## WORK ORDER
Word for word, reproduce each line of the data below, omitting every image.

## DATA SHOWN
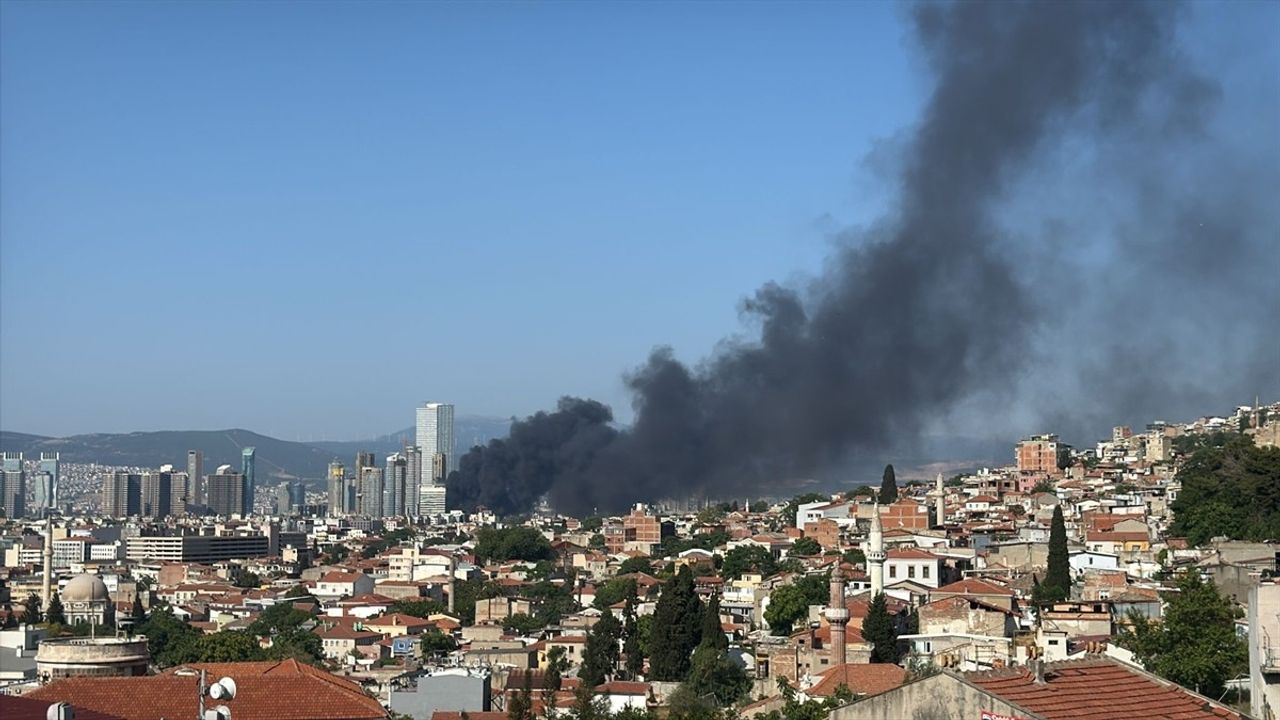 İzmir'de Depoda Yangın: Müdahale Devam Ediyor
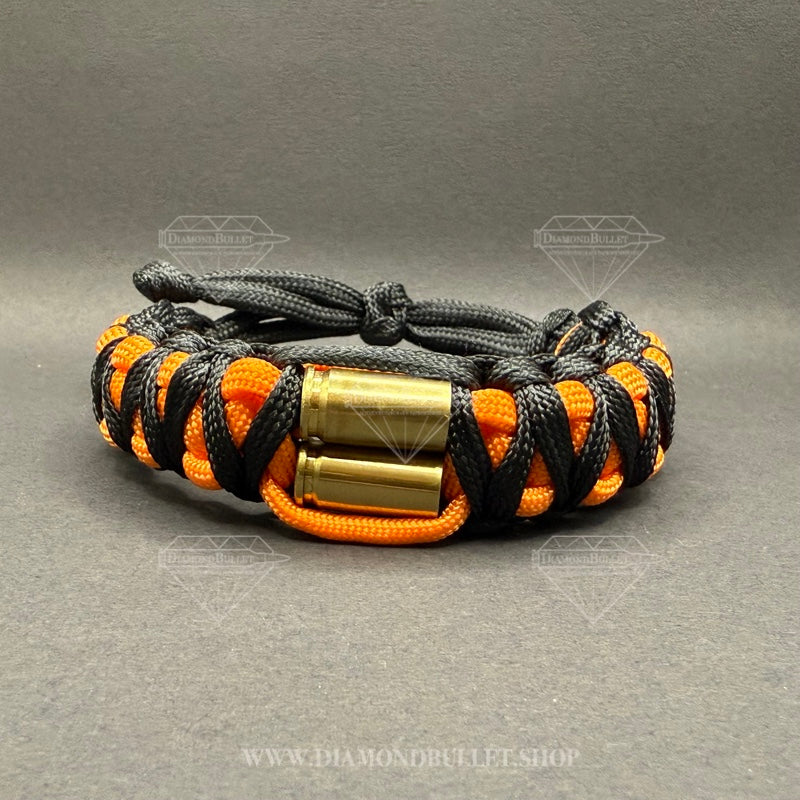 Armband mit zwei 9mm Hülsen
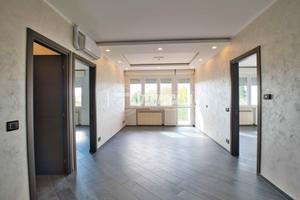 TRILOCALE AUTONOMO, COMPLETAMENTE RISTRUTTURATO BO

## COMPLETED TASK
 İzmir'de Depoda Yangın: Müdahale Devam Ediyor
 Armband mit zwei 9mm Hülsen
 TRILOCALE AUTONOMO, COMPLETAMENTE RISTRUTTURATO BO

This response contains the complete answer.